WORK ORDER: Line by line, return the listing exactly, without any of the images.

SOURCE DATA:
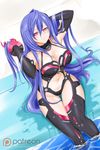  alfred_cullado blue_hair breasts from_above gloves highres iris_heart large_breasts long_hair looking_at_viewer navel neptune_(series) pool poolside purple_hair red_eyes smile soaking_feet solo symbol-shaped_pupils thigh_gap thighs very_long_hair water watermark wet 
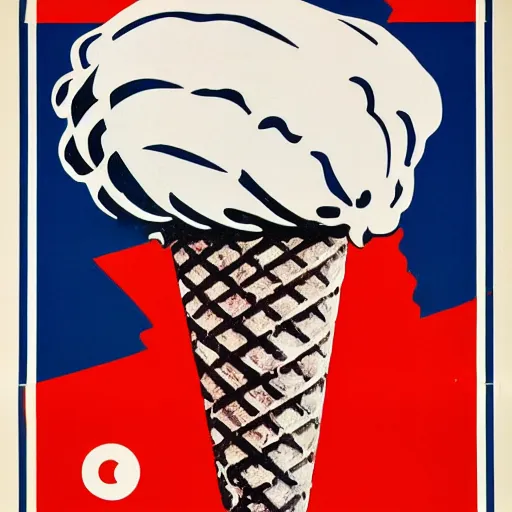 Image similar to soviet propaganda poster of an ice cream cone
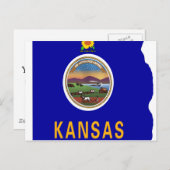 Kansas Flag Map Briefkaart (Voorkant / Achterkant)
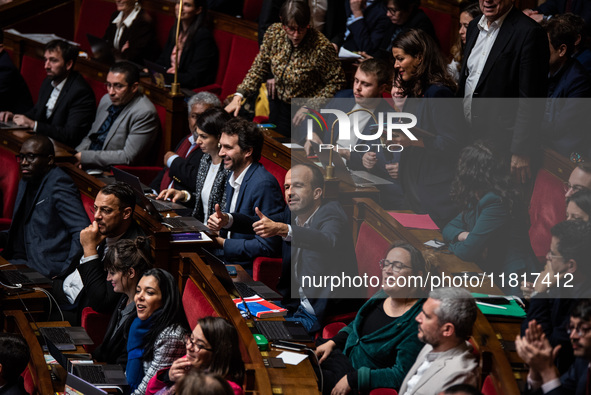 La France Insoumise deputy Manuel Bompard is in Parliament during the debate on the repeal of the pension reform in Paris, France, on Novemb...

TASK SOLUTION:
  alfred_cullado blue_hair breasts from_above gloves highres iris_heart large_breasts long_hair looking_at_viewer navel neptune_(series) pool poolside purple_hair red_eyes smile soaking_feet solo symbol-shaped_pupils thigh_gap thighs very_long_hair water watermark wet 
 Image similar to soviet propaganda poster of an ice cream cone
 Kansas Flag Map Briefkaart (Voorkant / Achterkant)
 La France Insoumise deputy Manuel Bompard is in Parliament during the debate on the repeal of the pension reform in Paris, France, on Novemb...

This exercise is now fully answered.